Dutch police order all 60,000 officers to tackle cybercrime daily
The Dutch national police are rolling out a major overhaul that will make combating online crime a daily duty for all 60,000 officers, officials said.
Stan Duijf, who heads the national police’s cybercrime strategy, told AD that the change is essential because more than half of all crime in the Netherlands now occurs online through fraud, threats, theft, and extortion.
“Online criminality was first only something for highly specialized teams within the police. That can no longer be,” Duijf said. “The fight against online criminality is simply police work. It must become a daily part of the work for all 60,000 agents in the coming years.”

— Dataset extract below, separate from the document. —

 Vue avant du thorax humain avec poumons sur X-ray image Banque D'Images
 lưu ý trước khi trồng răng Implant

The shift is already underway. New recruits in basic police training now receive digital skills instruction, including how to properly take reports of internet fraud and detect online crime. Digitally trained officers are being placed in local teams across the country.

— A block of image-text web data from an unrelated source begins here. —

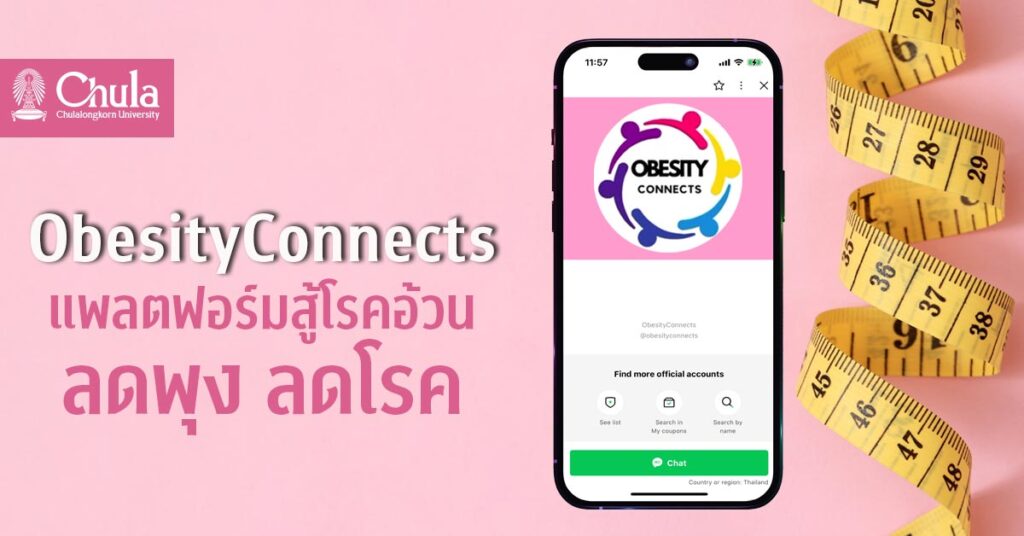 ObesityConnects]ลดพุง ลดโรค คุมน้ำหนัก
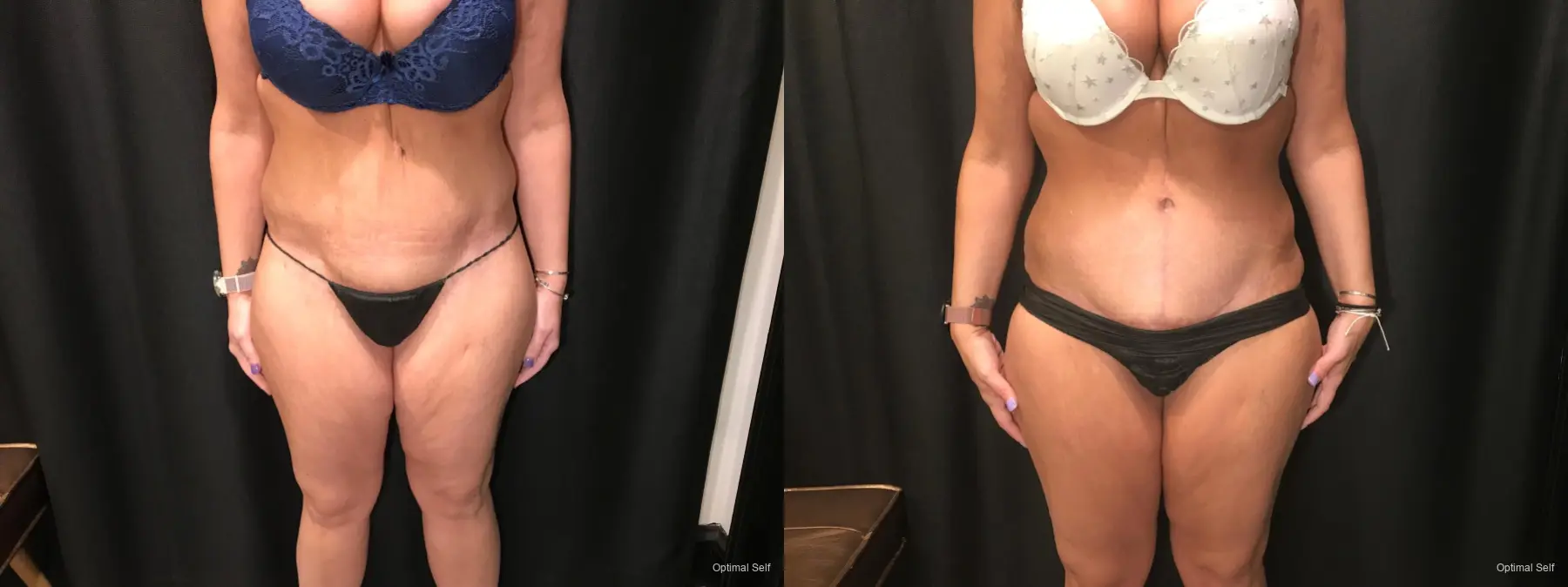 Abdominoplasty: Patient 12 - Before and After  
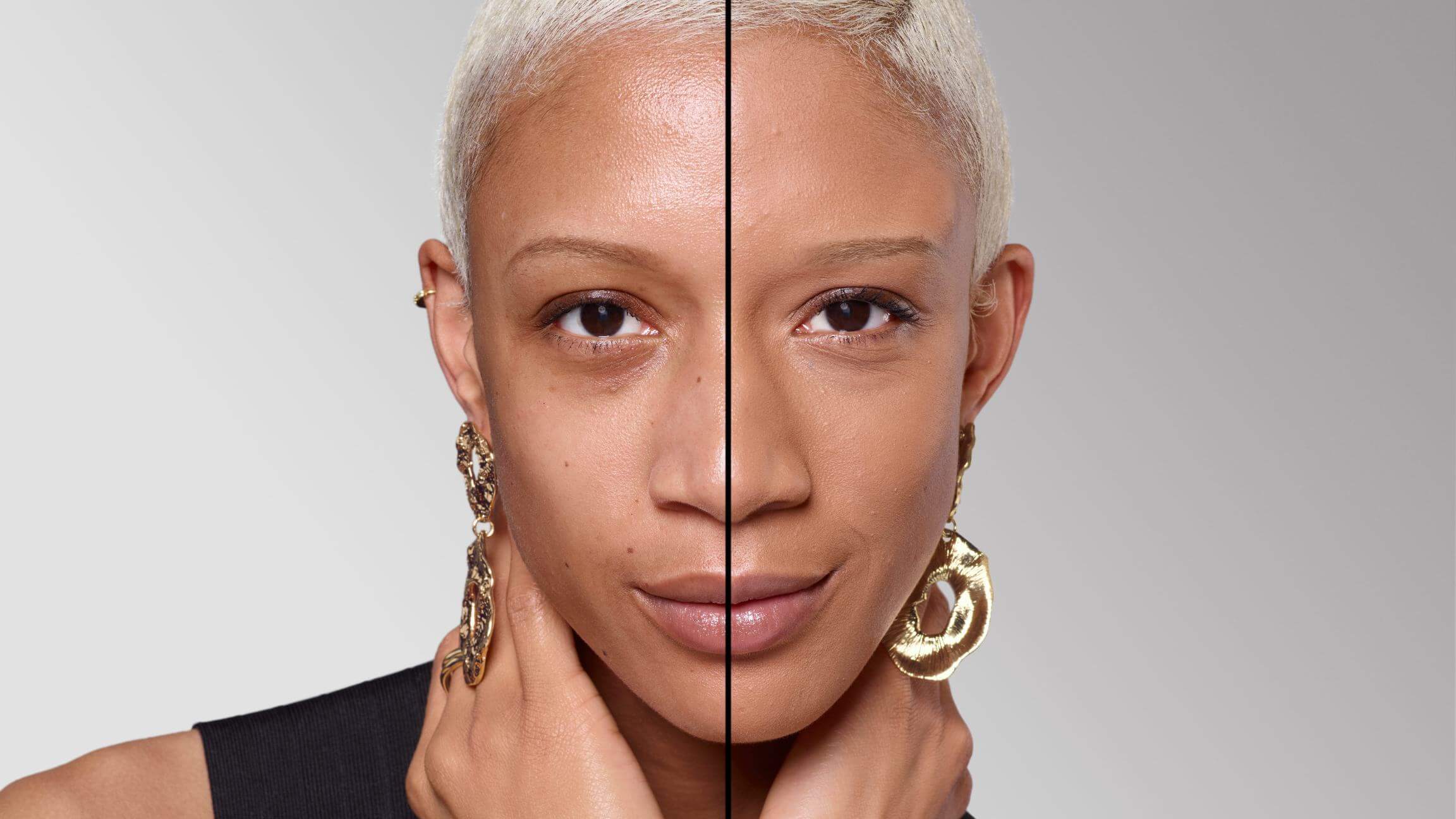 BEFORE/AFTER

Many online crime reports have previously been shelved by local detectives told there was no capacity, little chance of arrest, or that the cases were too complex.
In the major sextortion case against Mark S. from Borculo, some victims had reported the crimes years earlier—in some cases as long as 15 years ago—only to be turned away without help. Police in Oost-Nederland have since apologized.

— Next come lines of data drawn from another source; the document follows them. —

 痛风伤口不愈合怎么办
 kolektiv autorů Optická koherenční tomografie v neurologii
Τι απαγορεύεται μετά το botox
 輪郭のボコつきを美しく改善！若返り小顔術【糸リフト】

Cyber specialists in national and regional teams remain "the cream of the crop" and will continue handling major, complex investigations, Duijf said. International cooperation with Germany, France, England, and the United States is strong.
Online fraud alone caused victims 100 million euros in losses in 2023. The total damage from all cyber incidents in the Netherlands, including to businesses, is estimated at 10 billion euros according to a Ministry of Economic Affairs study. Victims often suffer psychological harm, feeling ashamed and losing trust in others.
The police will invest more centrally in analysis so investigators can spot patterns and link related cases instead of treating each report in isolation. “As police, we often still look too singularly at reports. We must not look at those cases individually. Often many more people have become victims,” Duijf said. “The art becomes looking at the bigger picture. At patterns, at clusters. And tackle that. That is why every report is so important.”
The nationwide shift is drawing international interest. “We get questions, for example, from Germany and England about how we are going to change the focus at a complete police organization for an entire country,” Duijf said.